- Provided data -
· · · · ·
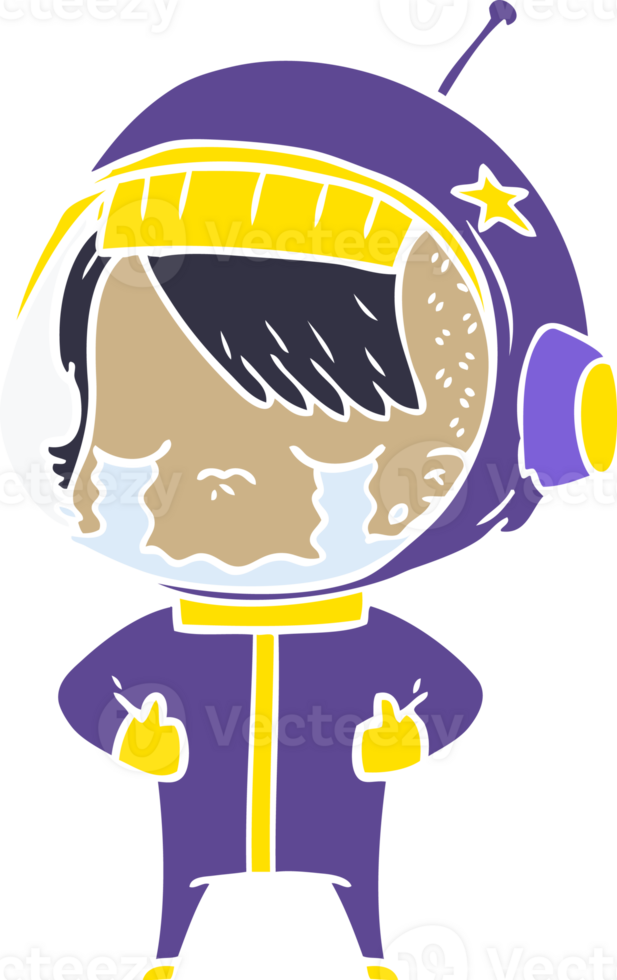 flat color style cartoon crying astronaut girl png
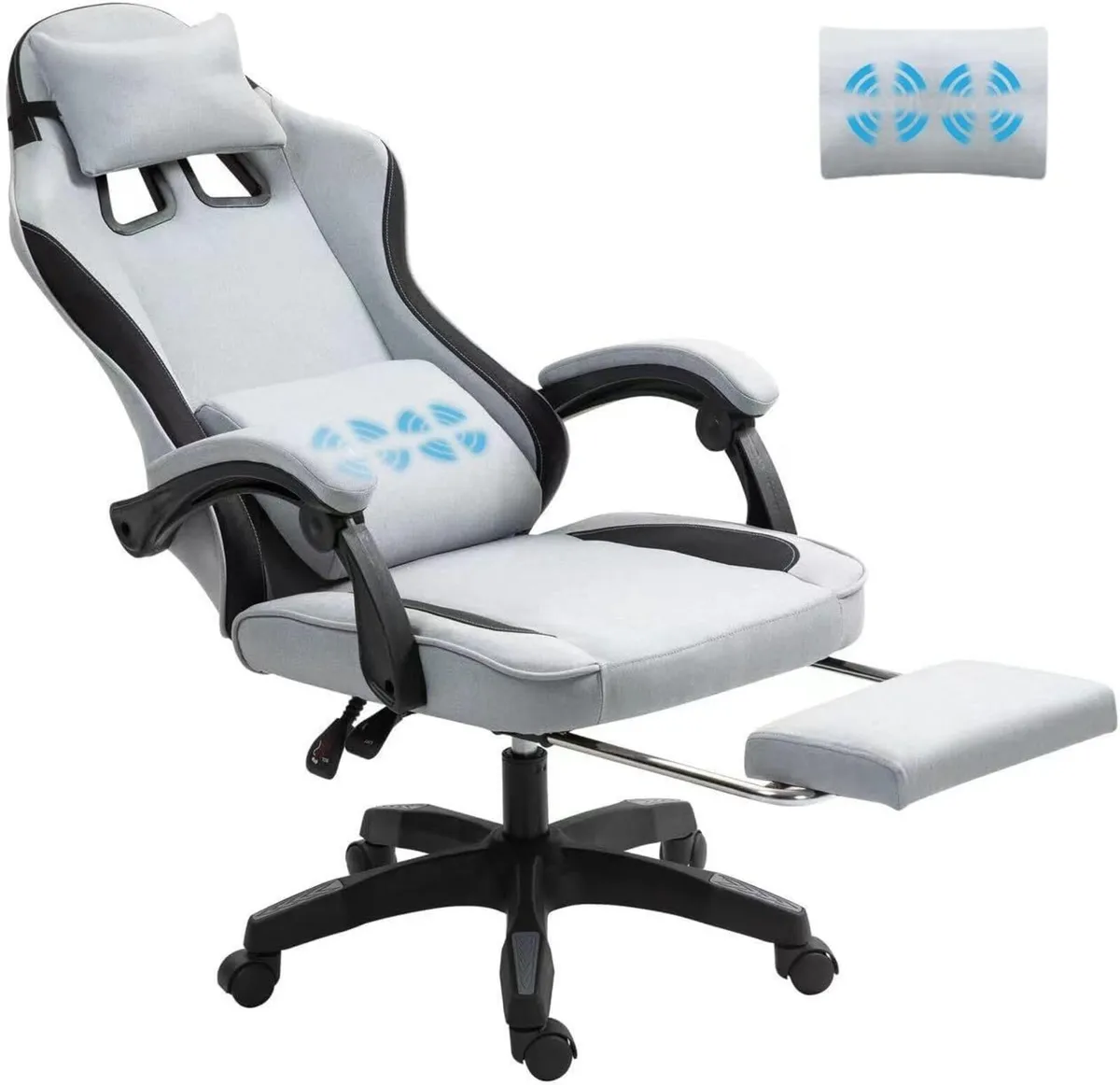 Fabric Massage Gaming Chair Ergonomic Computer - Image 1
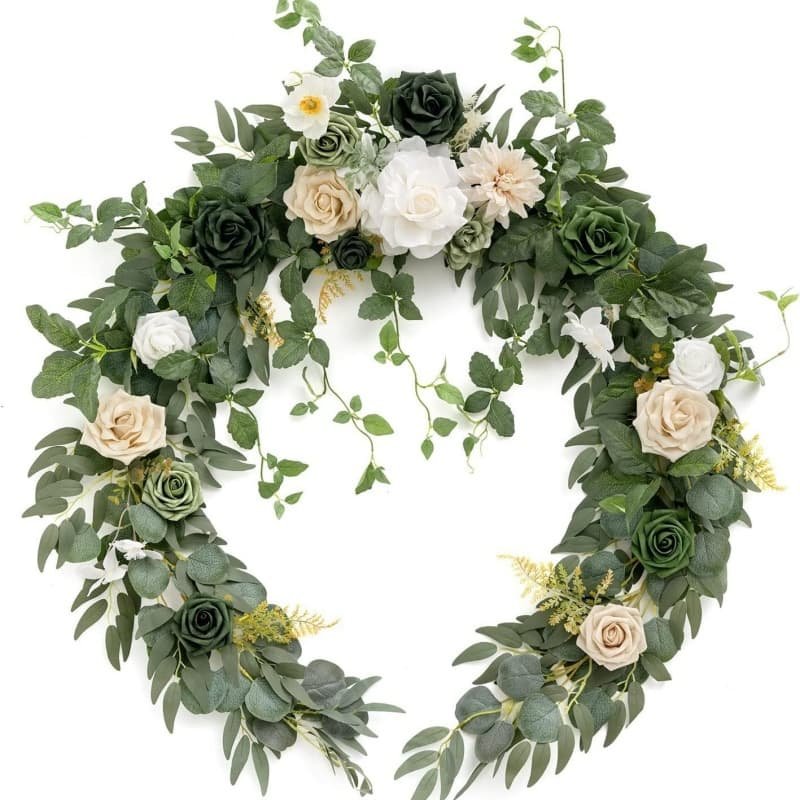 Artificial Flower Garland for Wedding Party Head Table 14 Artificial eucalyptus centerpiece wreath for holiday ambiance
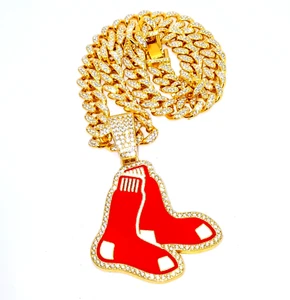 BOSTON RED SOX GEM NECKLACE Gold Hip Hop MLB Team Bling Pendant & 20" Chain - Picture 1 of 4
· · · · ·
- Problem description -
Drop the images and repeat the data exactly.

- Response to the exercise -
 flat color style cartoon crying astronaut girl png
 Fabric Massage Gaming Chair Ergonomic Computer - Image 1
 Artificial Flower Garland for Wedding Party Head Table 14 Artificial eucalyptus centerpiece wreath for holiday ambiance
 BOSTON RED SOX GEM NECKLACE Gold Hip Hop MLB Team Bling Pendant & 20" Chain - Picture 1 of 4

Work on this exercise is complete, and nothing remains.